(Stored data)
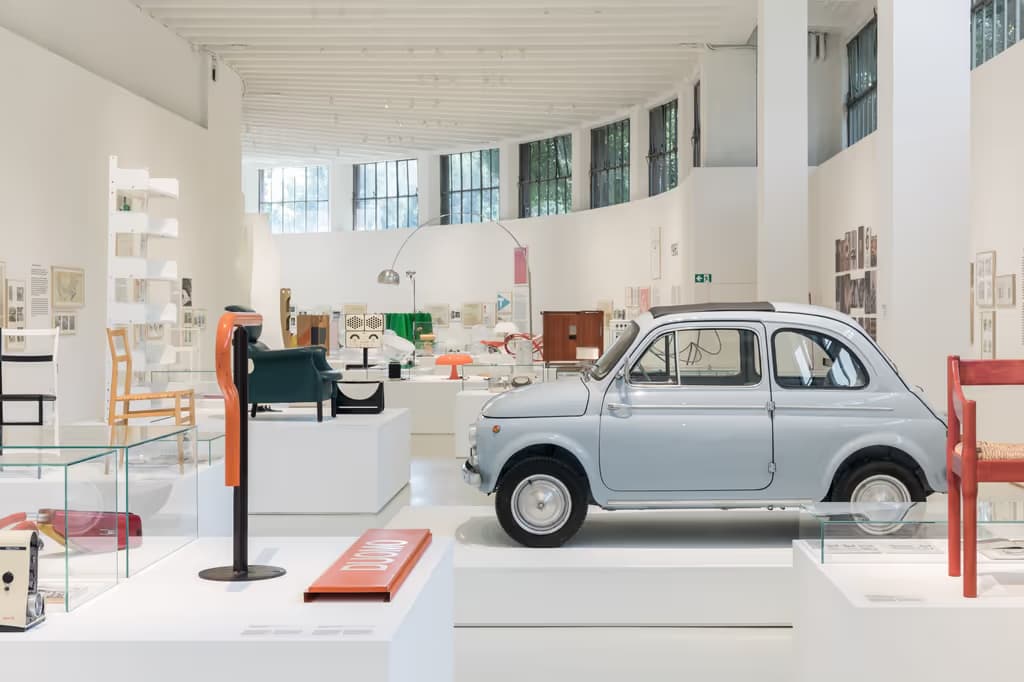 Triennale Milano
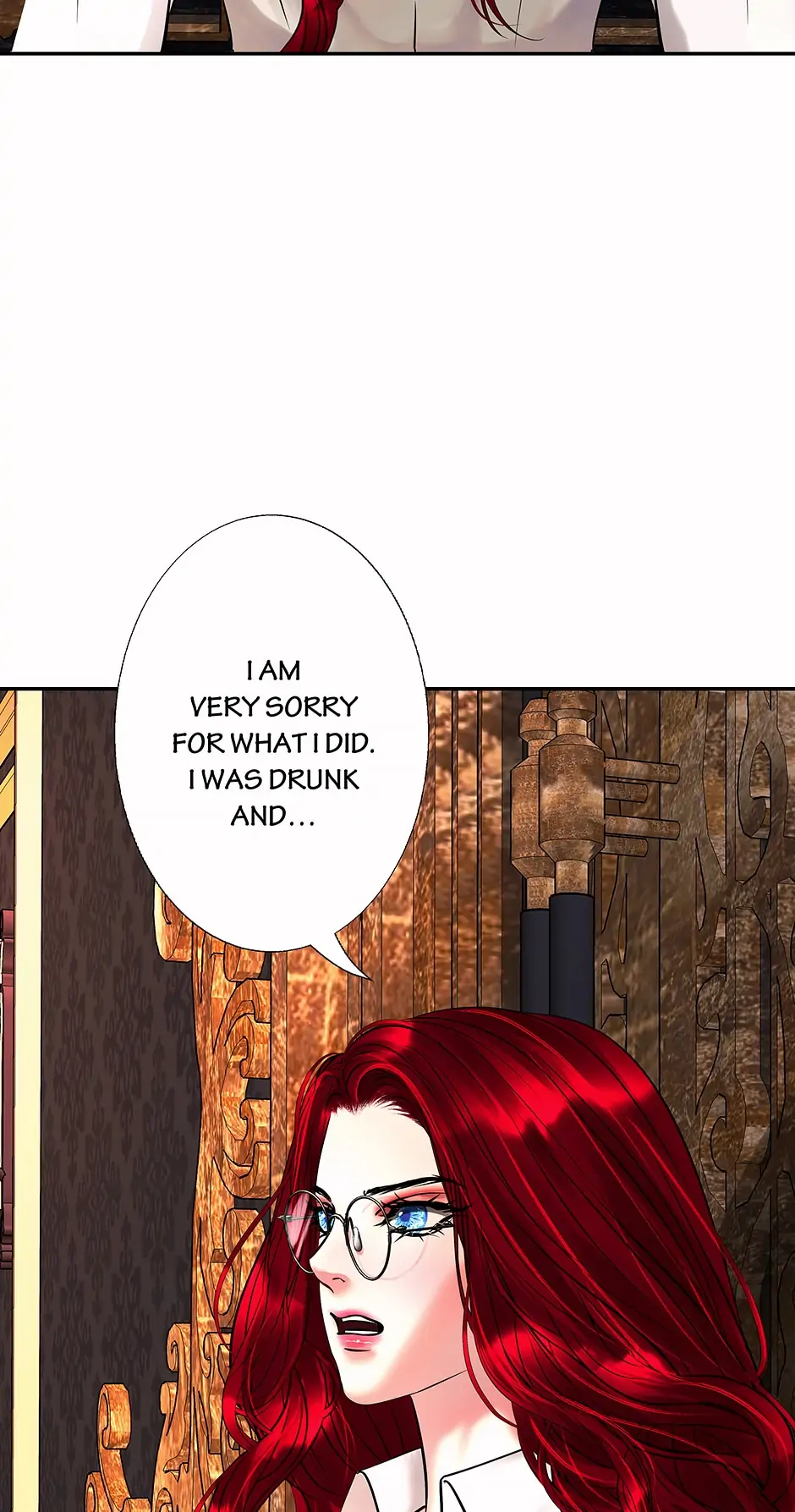 I Made a Deal with the Devil Chapter 8 page 19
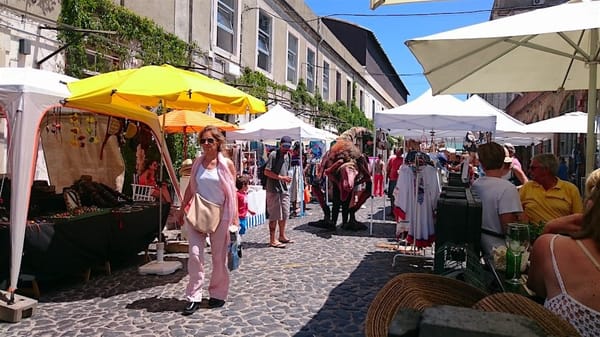 How to Explore a City: the Lisbon Diaries: photo 1
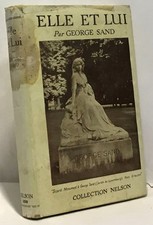 Elle et lui | Sand George |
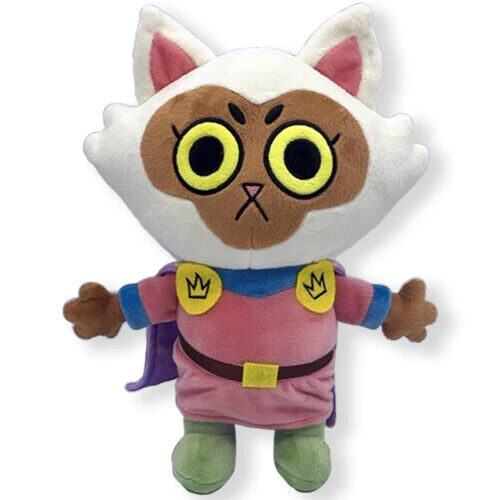 Root: Margot the Marquise Plushie Kickstarter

- [Directions for this task] Transcribe exactly the lines from the one with "I Made a Deal" to the last line of the records, both included, so that no picture appears in the copy.

- [Result for this task]
 I Made a Deal with the Devil Chapter 8 page 19
 How to Explore a City: the Lisbon Diaries: photo 1
 Elle et lui | Sand George |
 Root: Margot the Marquise Plushie Kickstarter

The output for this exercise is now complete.